I have a question about how to use cross-validation to select probability threshold for logistic regression. Suppose I want to minimize the misclassification rate. Say, I use 5-fold CV, and is this procedure correct:
1.fit 5 logistic regression models using each 4-folds of the data.
2.for each probability threshold(e.g. from 0.01 to 0.99), apply the 5 models on the left 1-fold of data, get misclassification rate. Then average these 5 error rates.
3.the optimal probability threshold is the one with smallest misclassification rate.

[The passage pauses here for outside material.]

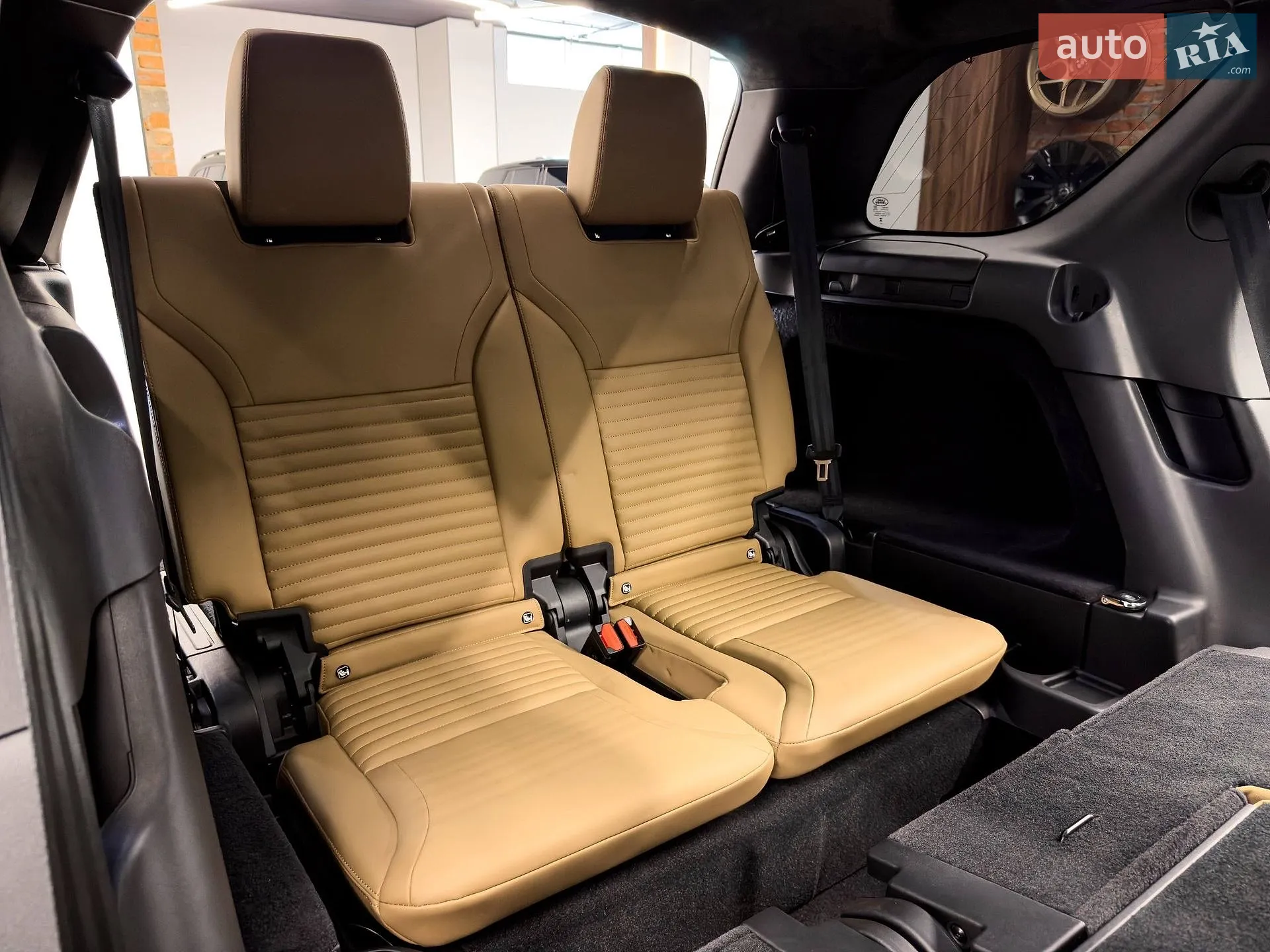 2024 Land Rover Discovery - мініатюра 83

And suppose I fit a ridge logistic regression model, to select the tuning parameter $\lambda$, is it okay to first use CV to select an optimal $\lambda$(e.g. use cv.glmnet function in R package glmnet), then apply this parameter to the procedure above to find probability threshold?
Best Answer
Yes, I think you have the right idea.
Just to put it another way, I'd say:
Fix the hyper-parameters that you don't want to search for (e.g. as you mention, this could be a regularization strength $\lambda$)
Choose a set of hyper-parameters $\theta$ you want to "optimize" by CV and split your dataset into folds (note it is standard practice to first remove a portion of your data as a testing set, and then use the remaining part for CV).
Fix a search space (e.g. $\theta_i\in[a_i,b_i]\;\forall\; i$) and then for each $\hat{\theta}$ in the space, learn the model $f(x;\hat{\theta})$ and compute the average error $\mathcal{E}(f)$ over the CV folds. Keep the $f$ with the least error.